Shop Setup

Getting your shop ready is a much bigger job than I had anticipated. It seems that any unwanted piece of junk in the house migrates to the garage not to mention the cars. Trying to clean out and setup the garage was a major pain.

My first step was to use the area above the garage. When my house was built the garage attic was not insulated or sheeted above the joices. Also, the only access to the area over the garage was a set of fold down stairs in the hallway off the front room. Not a very practical location for getting things stored in the attic!

So I went to the local Payless Cashways and bought a set of fold down stairs, many rolls of R-25 insulation and 8 sheets of 5/8'' particle board. I cut a hole in the ceiling of the garage for the fold down stairs. My garage has 2 X 20 ceiling joices AND I bought WAY too much insulation so I was able to completely fill the area between the joices with insulation three layers thick then lay down the 5/8'' sheet. So I have R-75 insulation plus whatever the value of the sheet is in my garage ceiling! After I installed all the insulation and sheeting then I put the stairs in.

After that I got an air compressor which I knew would come in handy. However, the darn thing made the most annoying noise so I put it in the attic too and ran air hose drops down to the garage. So now I needed to get electricity up there in the attic. Unlike wood, electrical wires do not respond well to smashing and cutting so I hired a professional to put a light and electrical outlet up in the attic area. I also had him control the attic outlet with a light switch down in the main garage. I also had him install the fluorescent lights. He did a real good job. (if you are in the North Dallas area and need someone real good who will not rip you off drop me an e-mail and I'll give you his number).

Here is the Air compressor mounted up in the attic. The Compressor is bolted to the pallet and the pallet is screwed through the sheeting to the floor joices. Pretty sturdy.

This only presented one problem. I had gotten into the habit of checking the air gauge on the compressor occasionally while I worked, Now I could not see it. To rectify that I got this gauge at home depot and put it on the ceiling over close to where the light switch is.

Right side.
I have had the workbench seen here for many years. I used to build Radio Controlled models on it back in the late 80's. It was a 8X4 solid wood door. It was so heavy it had to have ball bearing hinges! I got it for free when the previous owner bought a better door!?
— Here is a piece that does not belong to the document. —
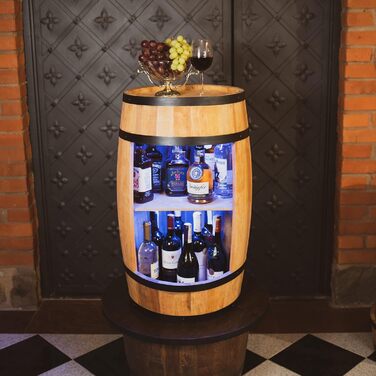 CREATIVE COOPER Fass bar LED RGB with Wine Holder - Wine Rack - Barrel House Bar 80x50cm - Rustic Decorative Bar Cabinet Wine Stand – Wine Cabinet (Oak)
I have had the rollaway toolbox for even longer. It was my second toolbox. I got it in '82. Pretty beat up now but it does the job if you don't mind kicking the drawers shut now and then! :-)
That is my MIG welder under the work bench. I installed a over stove microwave so I had a stove hood left over. It is hanging over the bench so I have a nice light AND a fan if the fried fat smell gets overpowering! :-)

Left side:
Note extra light switch by kitchen door up high. This controls the compressor. You can also see the "trap door" into the attic and all the lights. I kinda overdid the lights but what the heck.

My friend, Ken Duboise gave me one very large bench with a good flat top after he no longer needed it. I took it and cut it in half and added 2X4's as needed to fill in the structure in the middle. Now I have two good benches thanks to Ken! They are not done quite yet. I intend to put a shelf across the middle of both of them. That's what the 2 X 4's are for.

The Big Picture

Later, After I had started building, it turned out that I really should not have cut that workbench in half! I needed a big surface to lay the fiberglass out on. For some odd reason, I thought since I bought all the quick build stuff, that I really would not be doing that much large fiberglass work. With perfect hindsight that was a pretty dumb assumption!

On that note, something else that I really, really needed but did not think I would need is a fiberglass rack. I had seen on several other pages and on the Velocity videos different types of glass racks built from wood. I went to Home depot to buy the wood to build one from scratch but they already had just what I needed ready to go! Closet Hanger hardware! Why re-invent the wheel?